いまのトイレはとても快適な空間になって滞在しやすくなっているので、個室でスマホを取り出してSNSやメールを見ているうちにいつの間にか長居してしまうケースが少なくないようです。河野さんたちがあるオフィスビルで調査したところ、個室の平均利用時間は男性で6分ほどでしたが、30分以上利用する人も珍しくないそうです。みなさんのオフィスにもいつ見ても使われている個室はありませんか? そうなると利用者を分散させても順番待ちの人はなくせずに密になってしまいますし、長時間個室にこもっていることも衛生リスクが高まりますね。
★個室内にも混雑情報を通知したら・・・
ではどうすれば個室の長時間滞在を減らせるか。
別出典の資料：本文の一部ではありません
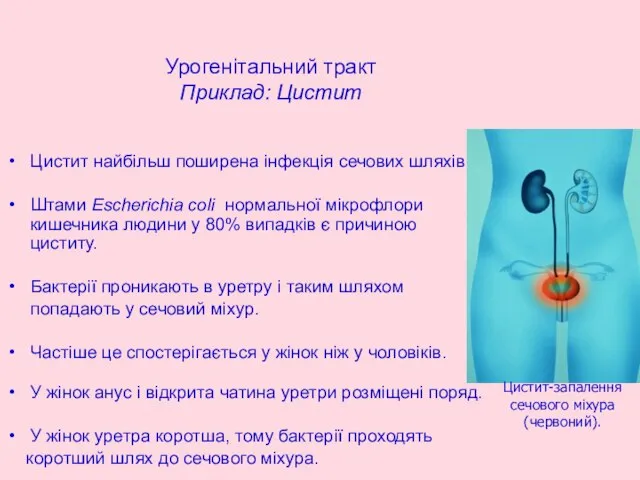 Цистит найбільш поширена інфекція сечових шляхів. Штами Escherichia coli нормальної мікрофлори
ひとつ考えられるのは、一定時間が経過するごとにアラームなどで知らせる方法。実はあるところがそのような実験をしたところ、初めの1ヵ月は効果があったものの、それ以降は効果が薄れてしまいました。利用するみなさんが次第にアラーム音を気に留めなくなってしまうのです(目覚まし時計と同じですね)。そこで河野さんは、混雑情報をうまく利用して個室の長時間滞在を解消する手を考えたんです。
- 河野剛進さん
- 個室でスマホを見ているうちに滞在時間が15分、30分と結構長くなっているケースがあるんですけど、実は個室の中にいるとそれがよくわからなくなってしまうんです。そこで個室の中にタブレットを入れて滞在時間を教えてあげる。それとあわせて、同じエリアの個室数がどれぐらい空いているのか、それとも全部埋まっているのかという情報も同時に配信されるんです。それを見ると「周囲が混んでいるならそろそろ出てあげよう」という優しい気持ちになるんです。まあノックされるよりは自分から出てあげたほうがいいことをしたぞという気持ちになると思うので、そういう気持ちを利用して回転率を上げつつ、それが長時間利用の抑制にもつながって、その結果リスクを全体的に下げていくことにつながります。
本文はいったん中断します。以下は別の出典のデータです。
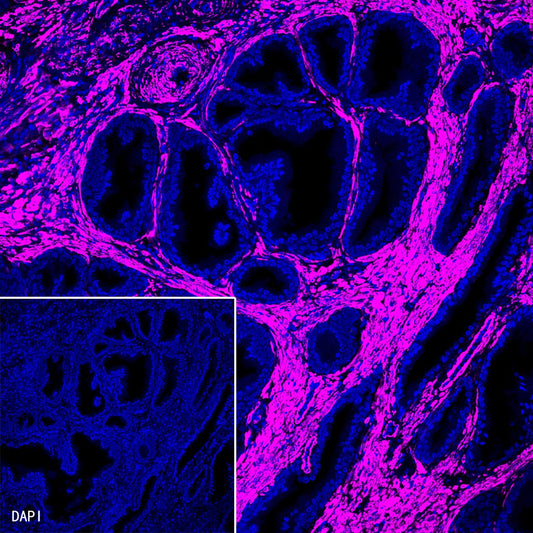 alpha smooth muscle Actin Recombinant Rabbit mAb (Alexa Fluor® 647 Conjugate) (SDT-132-63)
混雑情報というものはトイレの外にいる人に知らせるものですが、これをトイレの中にいる人にも見えるようにしたんです。個室内の壁に設置されたタブレットの画面にはトイレの混み具合の情報と、その人が個室に入ってからの滞在時間が表示されます。「トイレの待ち状況 混雑」「個室滞在時間15分」と表示されているのを見たら「ほかの人を待たせちゃいけない」と思いますよね。
河野さんたちの実証実験では、あるオフィスビルに混雑情報表示用のタブレットをトイレに設置したところ、30分以上個室が利用される回数がマイナス64%と半分以上減少したそうです(1エリアあたりの1日平均で、2.5回から0.9回の減少)。また、20分以上の利用はマイナス43%、15分以上もマイナス29%と、長時間滞在を抑える効果がはっきり見られたのです。
人間はひとに言われていつも素直にその通りにするとは限りません。むしろ理屈でいくら説明しても人の行動はなかなか変えられないものです。そうであるなら、人が自然と行動を変えるような「仕掛け」をつくることが大事なのです。「ソーシャルディスタンスを保ちましょう」という貼り紙をしなくても、床に一定間隔をあけて目印となるテープを貼っておくと自然とそこに人が並ぶ・・・それと同じような仕掛けとして、混雑情報を利用したんですね。